The concept of the documentary film, “Rewild Our Soul,” continues to evolve as the mission grows. At its core, it follows the complexity of the journey of bringing back bison to their native land, Great Turtle Island (aka North America). Along the way, their story connects with indigenous wisdom keepers like Melvin Youngbear, ranchers like Kevin Off and a wide range of communities from Medicine Root in South Dakota to the San Luis Valley of Colorado to the Hopi lands near Shungopavi Village in Arizona.
“Spanning the vast space of the continent's heartland and spilling into the mountains and deserts of the north and west, we learn about nature as a character and also connect with the animals themselves,” says Anders Carlson, filmmaker and visual storyteller. Grounding the film is the land center of Oniya. “We will come to know this place as a character in which we will see growth and evolution as the animals, humans and structures begin to dot the tapestry of the landscape,” says Anders.
This group is one of many joining this call to rewild, the ultimate goal being to restore the grasslands of North America - a problem that bison might be the most palpable solution to. “Bison are keystone species, they really help create and are measures of a healthy habitat and ecosystem,” says Claire de L’Arbre, writer and marketing and business consultant.
Restoring the bison regenerates biodiversity. In the process of restoring the species that once reached approximately 100 million on North American land, the goal is to also rebuild synergy with our planet. To realign human existence in connection with Mother Earth would be to restore a connection that we may so desperately need.
“As the Bison intuitively revitalize our diseased soil with deep plant roots and tall grasses reaching over six feet, Great Turtle Island can recreate the rainforest effect of the Great Plains, thereby acting as a lung for the entire planet, sequestering carbon and mineralizing the dirt,” says Nikki Beinstein, founder and board president of the Board of The Serious Type. The nonprofit’s mission is “to uplift youth [physically, creatively and spiritually] in relationship to nature through the power of authentic expression.”
As one of the producers of the film, The Serious Type has sponsored fundraisers that have benefitted the Oniya Bison Rewilding Project, along with local artists, organizations and Indigenous people. “But most importantly, by supporting an initiative that doesn’t pull resources from the ground or the air or the water as we’ve done for centuries - but rather restores the land in a natural, organic way - we are using the inherent tools granted to us to heal ourselves,” says Nikki.
The Rewilding Group knows that Mother Nature is a big motivator for why the bison are so important - they have identified the need and realization that we need to care for the land that has taken care of us for so long.

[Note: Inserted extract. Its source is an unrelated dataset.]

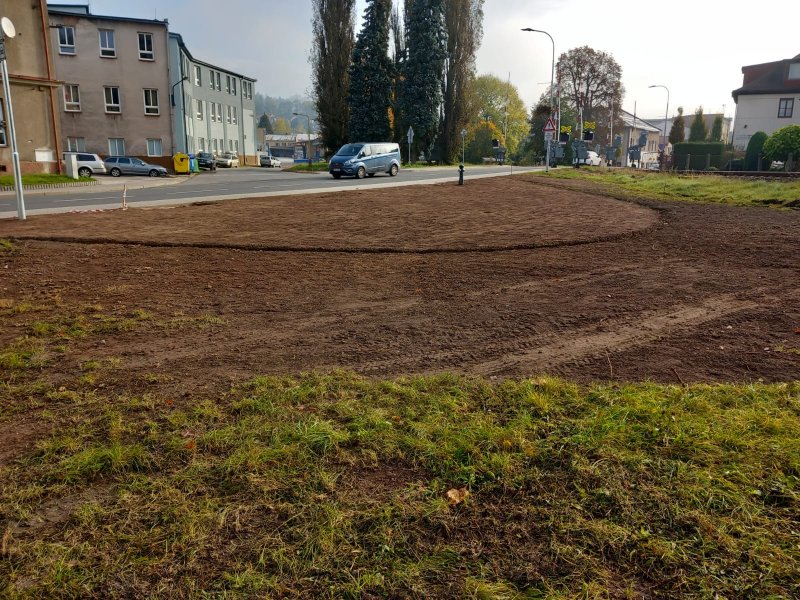 „Revitalizace zeleně v ul. Nádražní – Hostinné, etapa II. a parčík Anděl“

While the call to rewild is happening on a local, state, and multi-national level, the effort always starts on the ground in small communities, whose collective efforts will shape the migration corridor. “A migration corridor, on a scientific level, is a route for animals to follow between winter and summer habitats,” says Claire. “But on a spiritual level, it is an intuitive path of freedom and natural state.”
13 Moons Ranch proprietor Oriana sees this migration corridor as a metaphor for our own potential movement as humans. “Bison's movement represents our potential movement. To create space for them would be to create space for ourselves," she says.
Such a beautiful part of this story also comes from all of the individuals and places that are feeling this call to rewild the land through the introduction and remembrance of the bison. There is a lack of divisiveness, and an abundance of admiration and reverence. It’s awe-inspiring. “There's a big goal when it comes to bringing back the bison to the land, and it's not something one person or even one group can do,” says Anders. “That is the really cool part about this story: it doesn't matter what your views are, but there's this energy that just inspires everyone.”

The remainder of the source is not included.